[Start of section]
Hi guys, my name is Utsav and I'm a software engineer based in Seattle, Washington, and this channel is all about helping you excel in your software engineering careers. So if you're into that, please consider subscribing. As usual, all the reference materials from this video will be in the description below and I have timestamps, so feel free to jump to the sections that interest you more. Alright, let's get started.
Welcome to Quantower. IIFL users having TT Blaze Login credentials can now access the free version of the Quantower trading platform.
[End of section]
[Start of section]
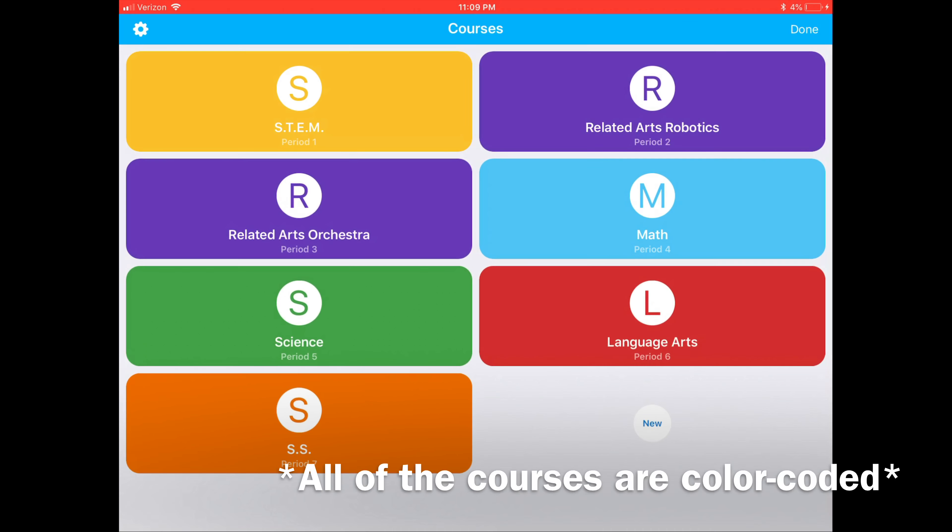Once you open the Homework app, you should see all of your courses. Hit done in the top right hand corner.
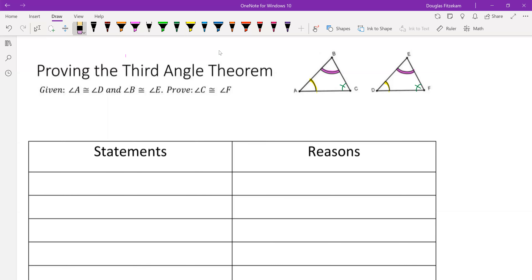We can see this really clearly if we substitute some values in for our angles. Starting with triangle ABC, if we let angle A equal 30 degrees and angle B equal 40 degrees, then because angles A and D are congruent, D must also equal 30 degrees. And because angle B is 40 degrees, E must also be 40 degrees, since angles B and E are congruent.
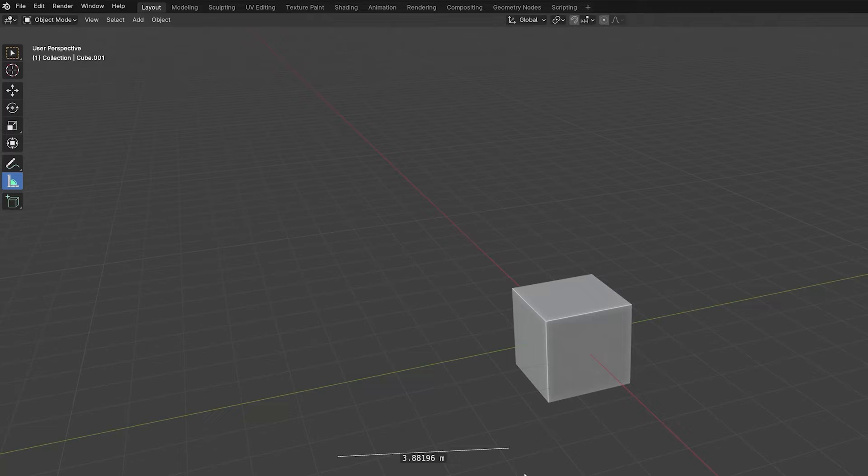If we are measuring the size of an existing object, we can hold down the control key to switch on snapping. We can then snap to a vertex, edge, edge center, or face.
[End of section]
[Start of section]
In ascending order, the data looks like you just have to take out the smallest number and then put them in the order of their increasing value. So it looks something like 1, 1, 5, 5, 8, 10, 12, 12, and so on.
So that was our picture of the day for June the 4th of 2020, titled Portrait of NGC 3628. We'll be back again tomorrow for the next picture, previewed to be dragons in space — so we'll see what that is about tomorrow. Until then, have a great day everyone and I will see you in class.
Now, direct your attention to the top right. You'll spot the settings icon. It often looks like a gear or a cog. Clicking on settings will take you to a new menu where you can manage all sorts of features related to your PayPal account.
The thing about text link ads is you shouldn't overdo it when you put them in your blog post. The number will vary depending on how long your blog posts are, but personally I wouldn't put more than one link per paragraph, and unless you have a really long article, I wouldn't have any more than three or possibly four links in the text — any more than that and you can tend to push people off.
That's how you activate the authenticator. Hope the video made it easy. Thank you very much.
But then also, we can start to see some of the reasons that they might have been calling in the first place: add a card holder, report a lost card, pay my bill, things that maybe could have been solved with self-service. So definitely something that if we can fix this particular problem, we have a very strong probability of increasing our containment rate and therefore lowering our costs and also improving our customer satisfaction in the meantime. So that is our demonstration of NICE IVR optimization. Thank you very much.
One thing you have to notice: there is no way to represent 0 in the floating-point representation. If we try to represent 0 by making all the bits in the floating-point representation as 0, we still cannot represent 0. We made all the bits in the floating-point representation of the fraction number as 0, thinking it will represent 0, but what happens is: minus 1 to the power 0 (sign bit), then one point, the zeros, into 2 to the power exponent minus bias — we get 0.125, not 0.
[End of section]
TASK PROMPT. Give the number of lines in the listing that contain the word "free", leaving out all other words.

SOLUTION TO THE EXERCISE. 2